The problem is that over-broad secrecy is the enemy of verification. It makes it impossible to watch the watchmen. The fundamental mistake that seems to have taken hold of the intelligence-political complex is that it is impossible to openly discuss secret activities without revealing the secrets held. This is generally false: PRISM could have been a publicly known project and still gathered useful data using means that were not public (the fact that some bad people would have refrained from using certain communications as a response is rather minor: in the real world, if they were competent they, like most of the computer security world, would have assumed there was massive surveillance even without verification). The public PRISM project could have been overseen far more transparently, and it would have been easier to trust the various agents – simply because the deception-inducing effects of secrecy would not have applied to the whole structure, just to information flowing through it.

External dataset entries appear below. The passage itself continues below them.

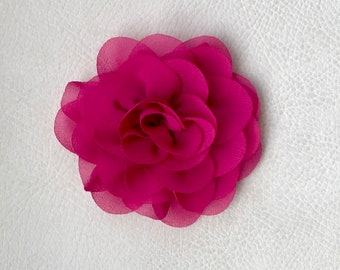 3.25 inch Chiffon Flower in Hot Pink - Flower Head for Headbands and DIY Hair Accessories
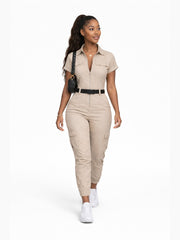 Women's Short Sleeve Utility Jumpsuit with Zip Front and Cargo Pockets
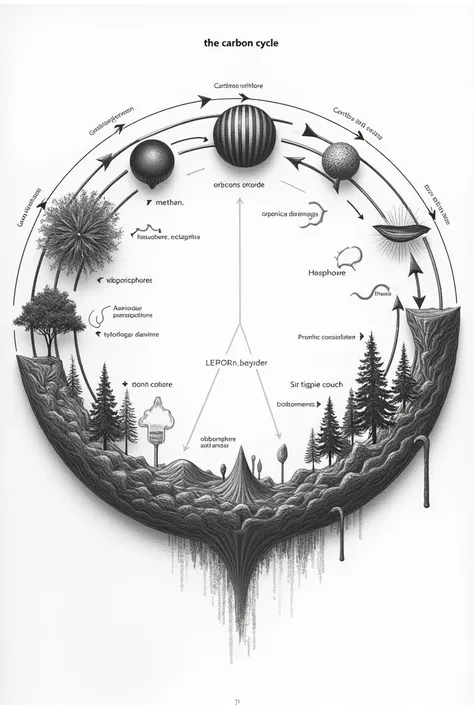 Make me a black and white drawing of the carbon cycle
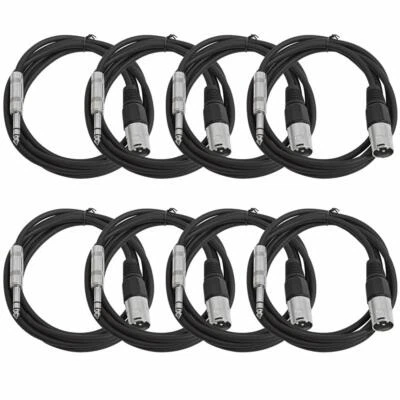 Seismic Audio SEISMIC 8 PACK Black 1/4" TRS  XLR Male 6' Patch Cables - Image 1 of 4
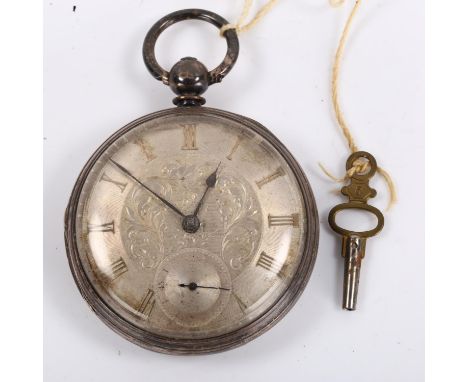 A 19th century silver-cased open-face key-wind pocket watch, by Lucas Brown of Glasgow, engraved silvered dial with applied g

We do not need to keep the existence of health records secret just because nobody but patients and their doctors are supposed to see them.
The paradox of the intelligence community is that it demands total transparency to its inquiries from the rest of the world (since there are known and unknown dangers out there), yet demands total secrecy about what it is doing and learning. The motivation for this secrecy is that the information is dangerous, which is true. But having agencies with such dangerous information is itself dangerous: insofar one accepts the motivation as valid, it follows that they need to be watched at least as intensely as the world and their trustworthiness constantly monitored. At the very least internal communications and computer use needs to be logged, mapped and audited. At present NSA admits it cannot even search its own emails.
One standard argument against the above kind of agency monitoring is that it risks creating vulnerabilities for espionage and leaks. But the same argument applies to large scale data gathering too: the NSA is itself a potential security vulnerability. The fact that Manning and Snowden could cause destructive leaks despite being part of a supposedly vetted and trained group of people under close oversight suggests that the institutional problems across the community might be deep and unavoidable. If the intelligence community misplaces trust by their own standards so easily, why should we expect more about their external professionalism?
I do not trust people and organisations that do not give me ways of accessing the data they base their claims on. Most of the time it is too much work for anybody to check it, but availability does enforce honesty in an open society: somebody might be doing a check, and then it will be embarrassing to be found out as a liar, deceiver or bullshitter. The same is true for oversight inside organisations: not every case is audited, but if enough are (and it is random enough) there are disincentives for misbehaving. Accepting secrecy means accepting that there are things that should not be checked.
If bullshit is not caring about the truth of one’s own statements, accepting secrecy on blind trust is not caring about the truth of what one hears.